Ainda me vem à cabeça agora que existe um jeito debochadamente gentil de enxergarmos a arte como farsa quando dizemos: “ah, mas isso é invenção, é só um quadro, só um filme, um conto”. A arte, assim, parece divertir e enfeitar a vida, é tão dócil e ficcional que temos a impressão de que ela nunca criou nossas convicções sobre beleza, nunca moldou as caras de santos ou de deuses, nunca forjou nossos medos e nem consolidou, ao representar o real, a própria noção de realidade que temos. Nada disso. A arte é, de fato, uma mentira poderosíssima.

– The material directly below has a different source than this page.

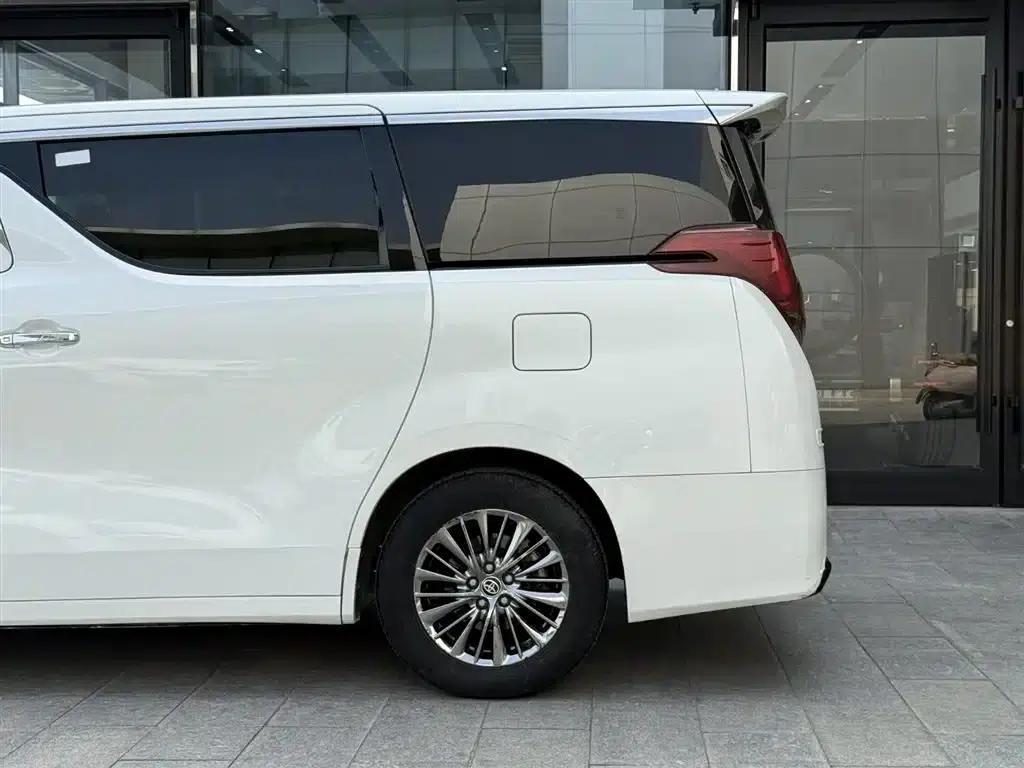 2020 Alphard Hybrid 2.5L Premium Edition — миниатюра 4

Já foi arma de faraós, imperadores. Por que não ser, então, um instrumento travesti? É o que acontece na reconfiguração do mundo que Bárbara fabrica em “Oráculo das Ancestravas”. No conjunto, ao invés de nos mostrar as reportagens sobre violências a que as monas são expostas e que cremos ser o único espelho possível do cotidiano, a artista nos apresenta, de maneira alegre (e a alegria é uma força trava!), o sucesso e as realizações dessa população. A série vem em faixas de rua, das que celebram uma formatura ou anunciam o sumiço de um poodle. Nesse aspecto o suporte em si é um apelo à realidade mais corriqueira e palpável, dando substância à mentira mais realista, mais inauguradora de verdade que se possa imaginar.

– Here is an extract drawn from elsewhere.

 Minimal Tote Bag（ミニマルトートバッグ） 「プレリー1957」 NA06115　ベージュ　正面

Pensando melhor, o termo mentira não funciona bem neste texto. O que Babi faz é macumba, vocábulo que podemos traduzir como “reunião de poetas feiticeiros”. Bárbara Macedo, ao reconstruir a verdade como boa feiticeira que é, convida à reinvenção de nossa caminhada no planeta. Ela nos convida a aquendar, palavra incrível da língua travesti e que vem do quimbundo, com significado de caminhar. Nem mentira nem verdade, afinal. Arte pra viver, porque viver é aquendar.
Marta Neves
*No pajubá “ilê de mona” pode ser entendido como “terreiro de travesti”.
Museu de Artes e Ofícios
Abertura 17.11.2023 de 19h às 22h
Visitação de 18.11.23 a 27.01.2024
Terça a Sexta de 11h às 16h
Sábado de 09h às 17h
Obs.: o Museu não estará aberto entre os dias 25 de dezembro 2023 e 08 de janeiro de 2024.